Standing in front of the gates of the Quebec City Muslim Cemetery, Boufeldja Benabdallah reflects on the more than two decades he spent trying to establish a local burial ground for his community.
"It was 22 years of fighting, research and meetings," he said. "People were burying their loved ones at the Muslim cemetery in Montreal."
Benabdallah, who is the cemetery director and co-founder of the Quebec City Islamic Cultural Centre, said it was extremely difficult to find land that was available, affordable and properly zoned.
Reda Bouchelaghem of the Association Culturelle Islamique de l'Estrie (ACIE) in Quebec's Eastern Townships said his group faced similar challenges.

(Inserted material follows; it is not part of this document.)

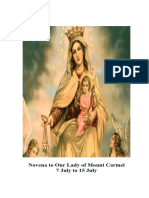 Novena To Our Lady of Mount Carmel 1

Both men say it took a tragedy that shocked the country for their cemeteries to see the light of day.
Quebec City mosque attack
It has been five years since the deadly attack on the Quebec City mosque. On Jan. 29, 2017, six members of Benabdallah's congregation were killed, and five others were critically injured when a gunman entered the city's Islamic Cultural Centre during evening prayers. One of the injured is still in a wheelchair. Alexandre Bissonnette is serving two concurrent life sentences for the killings.
Following the shootings, the bodies of five of the six Muslim men killed were sent to their countries of origin. The sixth was buried in Laval, Que., which at the time had the only two Muslim cemeteries in Quebec.
According to Islamic tradition, the body of a deceased Muslim is to be washed, shrouded and a communal prayer performed before it is interred in the shortest possible time after death — something that's been historically difficult for Muslims in Canada.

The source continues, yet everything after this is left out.